## What you should do
Restate word for word the lines of the entries below, starting with the line that holds "つまみ細工の髪飾り(白と金)豪華絢爛セット" and ending with the line that holds "SKODA SCALA 1.0", and no others.

■ ■ ■

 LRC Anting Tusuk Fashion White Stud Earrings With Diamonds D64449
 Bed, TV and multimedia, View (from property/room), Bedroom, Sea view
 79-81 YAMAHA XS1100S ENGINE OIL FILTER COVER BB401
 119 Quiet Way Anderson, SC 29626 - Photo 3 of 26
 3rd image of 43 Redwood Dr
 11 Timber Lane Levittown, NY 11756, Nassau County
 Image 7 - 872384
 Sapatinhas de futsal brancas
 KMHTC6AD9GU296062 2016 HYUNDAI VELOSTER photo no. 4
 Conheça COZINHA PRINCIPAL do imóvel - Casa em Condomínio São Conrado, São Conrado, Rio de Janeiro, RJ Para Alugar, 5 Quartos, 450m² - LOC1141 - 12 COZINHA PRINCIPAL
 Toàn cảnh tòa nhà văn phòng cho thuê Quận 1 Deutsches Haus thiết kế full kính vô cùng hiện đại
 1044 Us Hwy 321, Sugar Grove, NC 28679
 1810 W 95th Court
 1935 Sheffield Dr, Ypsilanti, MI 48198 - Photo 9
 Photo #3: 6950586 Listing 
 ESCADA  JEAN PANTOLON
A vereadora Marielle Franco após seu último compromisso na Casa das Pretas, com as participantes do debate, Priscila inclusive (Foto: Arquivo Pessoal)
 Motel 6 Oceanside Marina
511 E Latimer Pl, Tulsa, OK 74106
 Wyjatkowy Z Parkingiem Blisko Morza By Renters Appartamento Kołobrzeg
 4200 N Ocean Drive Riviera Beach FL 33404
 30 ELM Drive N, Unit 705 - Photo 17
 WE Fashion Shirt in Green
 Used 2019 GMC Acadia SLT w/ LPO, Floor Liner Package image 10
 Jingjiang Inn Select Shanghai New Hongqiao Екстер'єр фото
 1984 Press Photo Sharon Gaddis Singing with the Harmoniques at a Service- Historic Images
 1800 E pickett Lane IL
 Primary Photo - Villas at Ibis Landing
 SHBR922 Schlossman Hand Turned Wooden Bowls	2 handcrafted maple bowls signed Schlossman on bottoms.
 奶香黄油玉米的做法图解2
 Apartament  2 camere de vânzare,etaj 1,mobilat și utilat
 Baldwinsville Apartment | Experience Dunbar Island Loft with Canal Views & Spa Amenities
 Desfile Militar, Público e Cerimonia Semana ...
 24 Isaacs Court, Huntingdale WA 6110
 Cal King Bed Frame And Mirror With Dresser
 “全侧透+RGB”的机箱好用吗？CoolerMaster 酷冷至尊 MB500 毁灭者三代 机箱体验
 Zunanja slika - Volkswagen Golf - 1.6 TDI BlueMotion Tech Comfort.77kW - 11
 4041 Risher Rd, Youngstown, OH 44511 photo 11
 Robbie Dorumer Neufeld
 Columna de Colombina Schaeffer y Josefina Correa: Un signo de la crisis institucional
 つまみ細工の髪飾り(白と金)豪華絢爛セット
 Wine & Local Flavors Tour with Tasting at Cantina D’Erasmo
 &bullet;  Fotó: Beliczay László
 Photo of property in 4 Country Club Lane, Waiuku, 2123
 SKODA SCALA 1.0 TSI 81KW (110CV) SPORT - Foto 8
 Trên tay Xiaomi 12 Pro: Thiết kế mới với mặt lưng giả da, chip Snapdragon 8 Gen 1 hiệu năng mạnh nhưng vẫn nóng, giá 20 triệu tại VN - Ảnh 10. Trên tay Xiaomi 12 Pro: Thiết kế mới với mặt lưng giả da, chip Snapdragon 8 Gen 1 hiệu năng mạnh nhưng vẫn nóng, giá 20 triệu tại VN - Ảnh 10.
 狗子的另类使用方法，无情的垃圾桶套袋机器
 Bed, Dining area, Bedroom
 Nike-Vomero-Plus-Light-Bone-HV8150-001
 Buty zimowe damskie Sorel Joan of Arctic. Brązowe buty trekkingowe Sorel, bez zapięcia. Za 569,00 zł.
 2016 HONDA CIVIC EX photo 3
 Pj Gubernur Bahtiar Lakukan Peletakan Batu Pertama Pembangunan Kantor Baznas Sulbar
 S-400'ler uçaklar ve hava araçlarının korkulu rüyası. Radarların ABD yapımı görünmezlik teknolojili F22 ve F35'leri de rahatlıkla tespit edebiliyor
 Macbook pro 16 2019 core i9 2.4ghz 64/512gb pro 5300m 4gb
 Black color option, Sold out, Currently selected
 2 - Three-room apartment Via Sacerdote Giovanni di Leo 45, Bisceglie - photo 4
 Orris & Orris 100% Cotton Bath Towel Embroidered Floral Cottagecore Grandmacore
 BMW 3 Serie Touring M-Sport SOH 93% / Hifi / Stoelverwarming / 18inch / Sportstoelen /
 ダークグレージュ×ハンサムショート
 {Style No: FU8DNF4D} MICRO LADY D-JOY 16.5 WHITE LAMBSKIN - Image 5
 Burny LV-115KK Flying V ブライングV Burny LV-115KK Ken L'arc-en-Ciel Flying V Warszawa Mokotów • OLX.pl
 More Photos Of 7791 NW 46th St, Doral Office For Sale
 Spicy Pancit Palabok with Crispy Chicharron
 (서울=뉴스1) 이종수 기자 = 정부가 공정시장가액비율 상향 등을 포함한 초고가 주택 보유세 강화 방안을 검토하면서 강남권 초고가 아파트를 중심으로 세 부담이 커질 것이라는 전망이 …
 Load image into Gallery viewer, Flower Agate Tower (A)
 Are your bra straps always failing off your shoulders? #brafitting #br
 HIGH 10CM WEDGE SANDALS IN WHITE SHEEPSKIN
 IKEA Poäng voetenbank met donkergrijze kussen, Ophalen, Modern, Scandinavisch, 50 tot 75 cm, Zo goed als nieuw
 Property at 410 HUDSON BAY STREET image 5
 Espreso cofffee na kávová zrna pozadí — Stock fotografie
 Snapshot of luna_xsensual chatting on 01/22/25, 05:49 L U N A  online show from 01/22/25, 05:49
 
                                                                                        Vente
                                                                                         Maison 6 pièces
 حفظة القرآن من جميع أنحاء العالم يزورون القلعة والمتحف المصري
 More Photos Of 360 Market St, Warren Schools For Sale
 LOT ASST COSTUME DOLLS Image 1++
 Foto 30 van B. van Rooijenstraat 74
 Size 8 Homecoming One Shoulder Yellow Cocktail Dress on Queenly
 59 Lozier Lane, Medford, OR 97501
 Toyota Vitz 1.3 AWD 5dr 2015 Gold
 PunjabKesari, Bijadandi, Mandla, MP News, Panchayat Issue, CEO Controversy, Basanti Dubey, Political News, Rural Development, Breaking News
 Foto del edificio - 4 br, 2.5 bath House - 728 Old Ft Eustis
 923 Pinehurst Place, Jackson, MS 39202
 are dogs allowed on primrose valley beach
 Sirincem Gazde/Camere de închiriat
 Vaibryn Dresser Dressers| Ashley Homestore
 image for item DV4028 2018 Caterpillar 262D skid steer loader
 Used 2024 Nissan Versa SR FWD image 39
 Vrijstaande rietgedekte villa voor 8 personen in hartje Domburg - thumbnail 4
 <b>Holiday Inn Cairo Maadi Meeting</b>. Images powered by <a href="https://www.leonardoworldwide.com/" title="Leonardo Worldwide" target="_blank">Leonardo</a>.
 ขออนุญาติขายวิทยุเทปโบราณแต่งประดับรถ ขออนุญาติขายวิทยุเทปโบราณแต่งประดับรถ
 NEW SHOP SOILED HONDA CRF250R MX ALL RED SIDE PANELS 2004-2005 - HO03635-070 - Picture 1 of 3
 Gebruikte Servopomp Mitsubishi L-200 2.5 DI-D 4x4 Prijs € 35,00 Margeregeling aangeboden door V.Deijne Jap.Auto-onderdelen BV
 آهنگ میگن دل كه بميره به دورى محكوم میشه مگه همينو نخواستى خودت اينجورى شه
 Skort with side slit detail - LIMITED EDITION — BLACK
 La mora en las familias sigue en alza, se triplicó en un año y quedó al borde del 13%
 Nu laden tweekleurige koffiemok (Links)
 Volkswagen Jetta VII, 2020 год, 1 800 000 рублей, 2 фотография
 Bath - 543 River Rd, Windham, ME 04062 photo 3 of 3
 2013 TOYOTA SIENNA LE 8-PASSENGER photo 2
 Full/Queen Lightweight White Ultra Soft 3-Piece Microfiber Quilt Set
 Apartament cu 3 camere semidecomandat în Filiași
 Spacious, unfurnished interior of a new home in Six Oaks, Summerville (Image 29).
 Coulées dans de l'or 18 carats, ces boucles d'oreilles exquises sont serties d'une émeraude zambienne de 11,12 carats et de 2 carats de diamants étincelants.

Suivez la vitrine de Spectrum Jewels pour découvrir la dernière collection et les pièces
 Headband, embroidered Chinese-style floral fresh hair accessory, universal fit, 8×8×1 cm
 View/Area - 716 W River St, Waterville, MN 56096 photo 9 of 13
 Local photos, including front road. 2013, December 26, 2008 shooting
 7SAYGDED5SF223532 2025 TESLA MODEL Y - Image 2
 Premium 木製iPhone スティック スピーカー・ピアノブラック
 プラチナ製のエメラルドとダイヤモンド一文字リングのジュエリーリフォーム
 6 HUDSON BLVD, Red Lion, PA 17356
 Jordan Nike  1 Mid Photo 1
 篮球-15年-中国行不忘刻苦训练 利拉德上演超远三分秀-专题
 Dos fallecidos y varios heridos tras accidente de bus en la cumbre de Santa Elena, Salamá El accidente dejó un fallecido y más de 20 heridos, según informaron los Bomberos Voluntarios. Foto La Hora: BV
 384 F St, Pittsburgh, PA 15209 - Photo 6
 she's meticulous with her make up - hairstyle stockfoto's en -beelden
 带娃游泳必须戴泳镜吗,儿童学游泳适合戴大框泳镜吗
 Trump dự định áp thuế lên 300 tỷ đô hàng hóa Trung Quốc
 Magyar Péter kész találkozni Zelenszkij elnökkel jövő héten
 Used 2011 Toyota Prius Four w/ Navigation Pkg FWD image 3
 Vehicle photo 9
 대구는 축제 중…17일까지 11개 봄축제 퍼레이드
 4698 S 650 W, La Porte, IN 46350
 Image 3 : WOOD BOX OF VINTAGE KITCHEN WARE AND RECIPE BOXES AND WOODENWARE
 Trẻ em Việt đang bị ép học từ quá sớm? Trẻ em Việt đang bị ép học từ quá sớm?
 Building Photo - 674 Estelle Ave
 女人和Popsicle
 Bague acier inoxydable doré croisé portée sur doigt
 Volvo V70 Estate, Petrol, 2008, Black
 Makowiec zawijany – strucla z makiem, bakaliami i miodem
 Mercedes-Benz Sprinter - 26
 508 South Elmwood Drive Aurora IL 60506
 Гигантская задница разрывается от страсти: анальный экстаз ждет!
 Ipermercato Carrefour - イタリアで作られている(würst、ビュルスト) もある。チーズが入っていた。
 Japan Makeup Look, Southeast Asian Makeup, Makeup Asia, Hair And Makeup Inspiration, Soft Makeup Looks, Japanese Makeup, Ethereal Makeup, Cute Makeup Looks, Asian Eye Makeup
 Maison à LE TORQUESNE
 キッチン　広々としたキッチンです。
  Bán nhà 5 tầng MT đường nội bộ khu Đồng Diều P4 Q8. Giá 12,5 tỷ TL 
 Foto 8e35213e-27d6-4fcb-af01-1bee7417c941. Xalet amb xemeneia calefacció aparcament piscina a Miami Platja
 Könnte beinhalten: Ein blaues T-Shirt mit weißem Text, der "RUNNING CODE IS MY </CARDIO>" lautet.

■ ■ ■

## Task result
 つまみ細工の髪飾り(白と金)豪華絢爛セット
 Wine & Local Flavors Tour with Tasting at Cantina D’Erasmo
 &bullet;  Fotó: Beliczay László
 Photo of property in 4 Country Club Lane, Waiuku, 2123
 SKODA SCALA 1.0 TSI 81KW (110CV) SPORT - Foto 8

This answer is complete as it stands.